* Activity *
The pictures are to be dropped, and the records below are to be restated word for word.

* Given records *
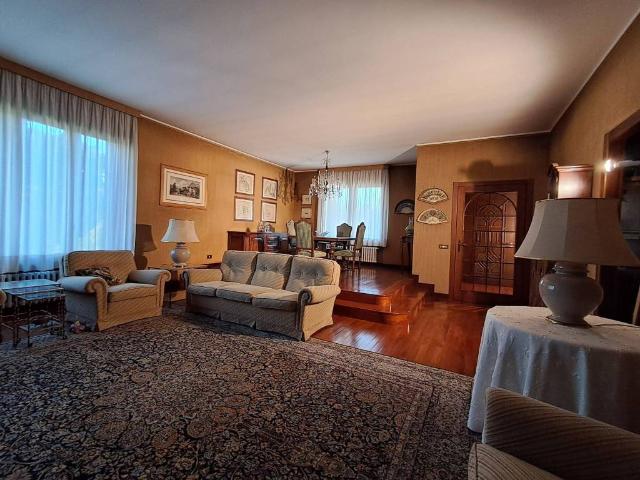 Villa in vendita a Samarate VA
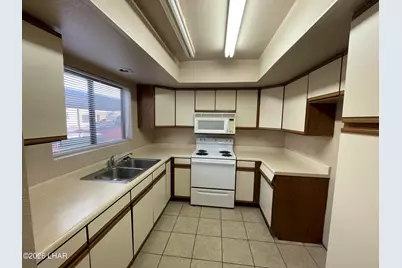 1810 Bimini Ln #2, Lake Havasu City, AZ 86403 - Photo 3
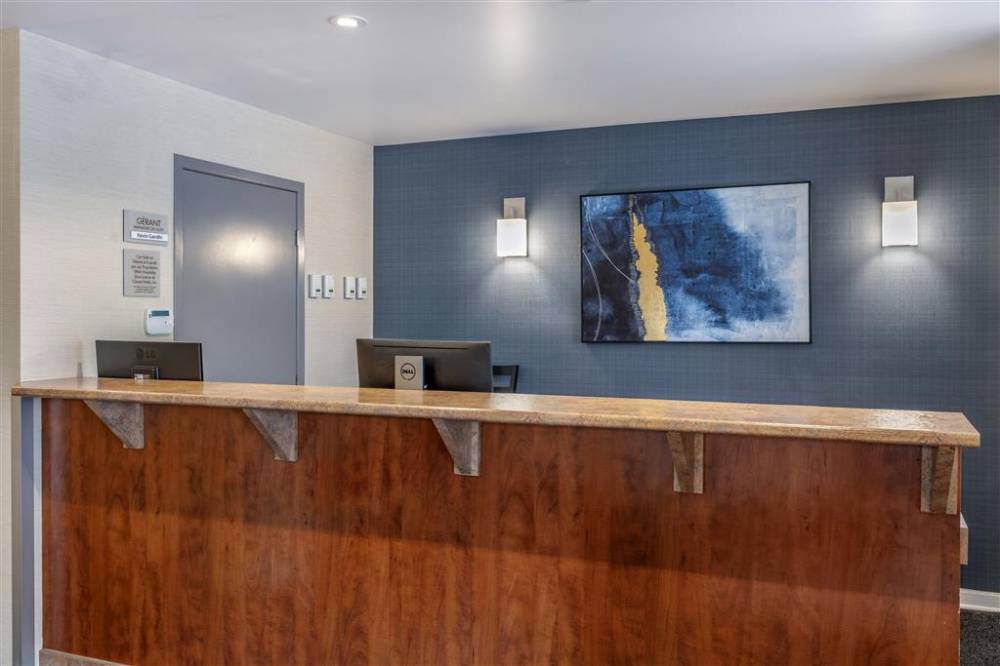 Econo Lodge 3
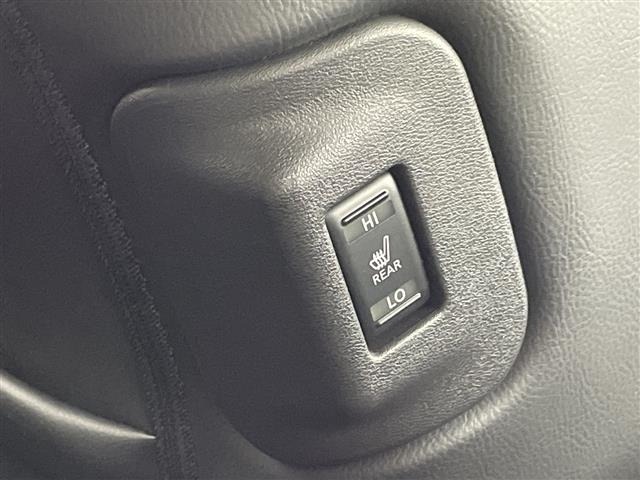 Nissan LEAF 2023 7390206-5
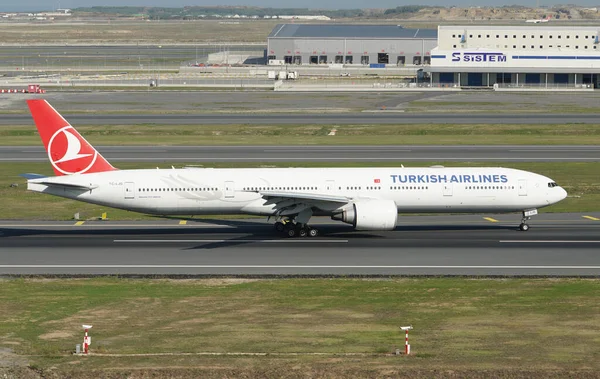 ISTANBUL, TURKIYE - OCTOBER 01, 2022: Turkish Airlines Boeing 777-3F2ER (44128) landing to Istanbul International Airport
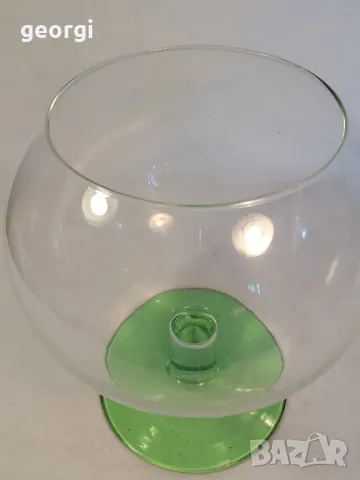 голяма стъклена ваза във формата на чаша духано зелено стъкло 21/4, снимка 4 - Вази - 49175388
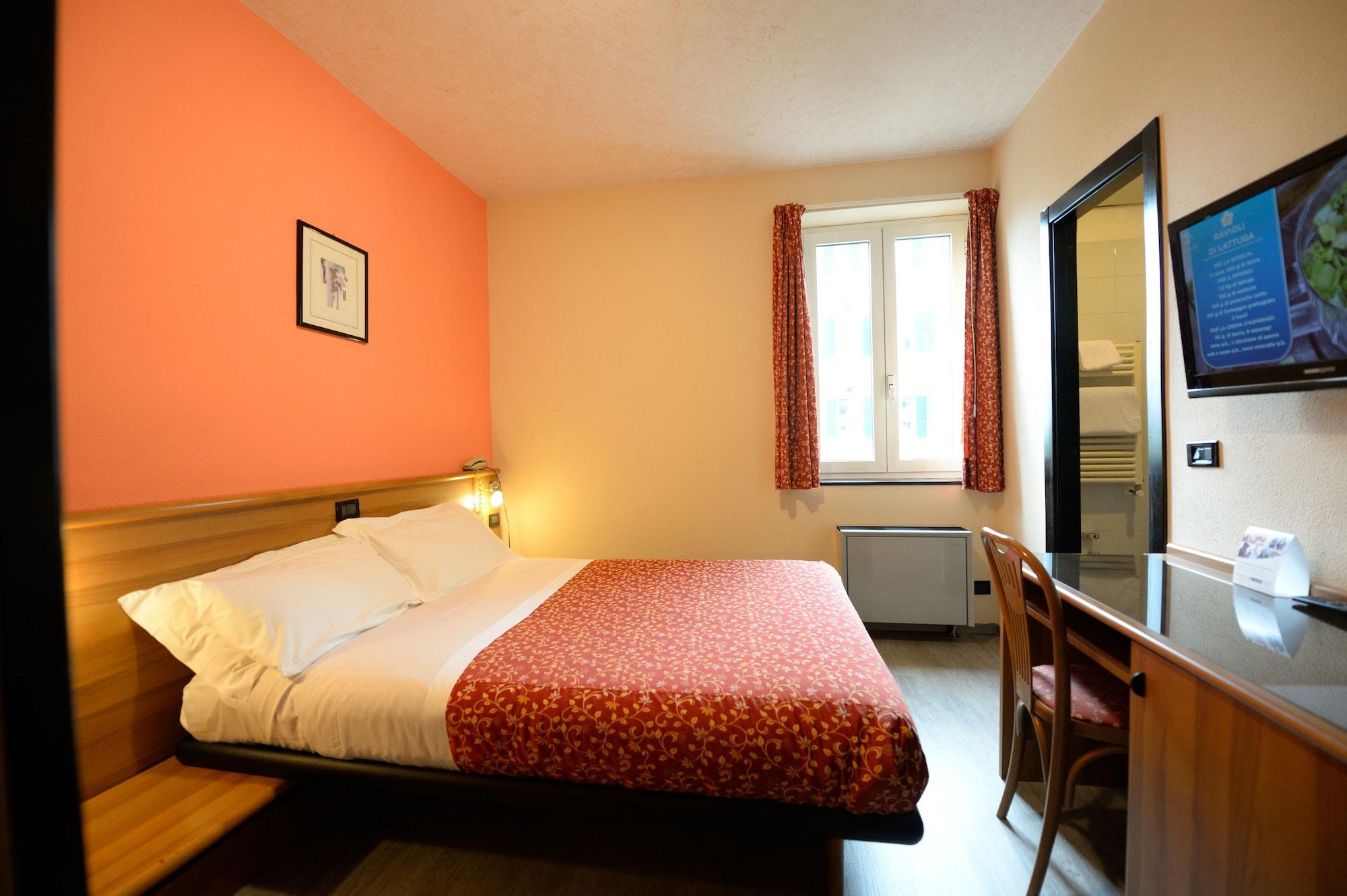 Hotel Europa Генуя Екстер'єр фото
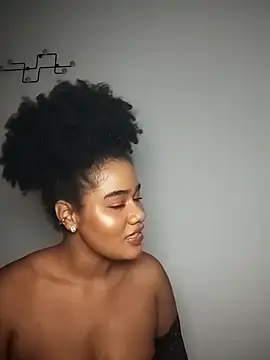 Snapshot of Maaaar_ chatting on 11.23.25 Maaaar online show from 11.23.25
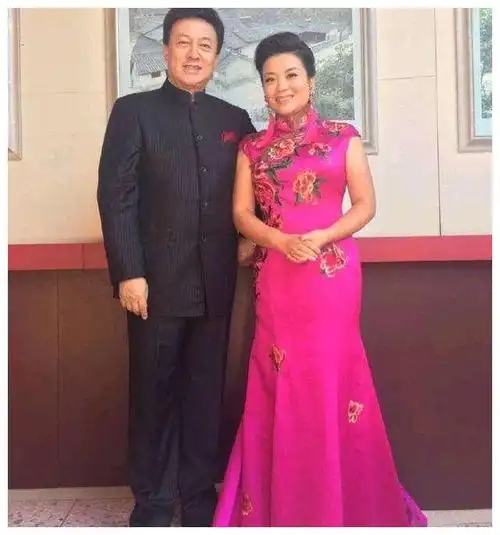 身高一米五四却被称为旗袍女神上春晚23次婚姻状况成谜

* The answer *
 Villa in vendita a Samarate VA
 1810 Bimini Ln #2, Lake Havasu City, AZ 86403 - Photo 3
 Econo Lodge 3
 Nissan LEAF 2023 7390206-5
 ISTANBUL, TURKIYE - OCTOBER 01, 2022: Turkish Airlines Boeing 777-3F2ER (44128) landing to Istanbul International Airport
 голяма стъклена ваза във формата на чаша духано зелено стъкло 21/4, снимка 4 - Вази - 49175388
 Hotel Europa Генуя Екстер'єр фото
 Snapshot of Maaaar_ chatting on 11.23.25 Maaaar online show from 11.23.25
 身高一米五四却被称为旗袍女神上春晚23次婚姻状况成谜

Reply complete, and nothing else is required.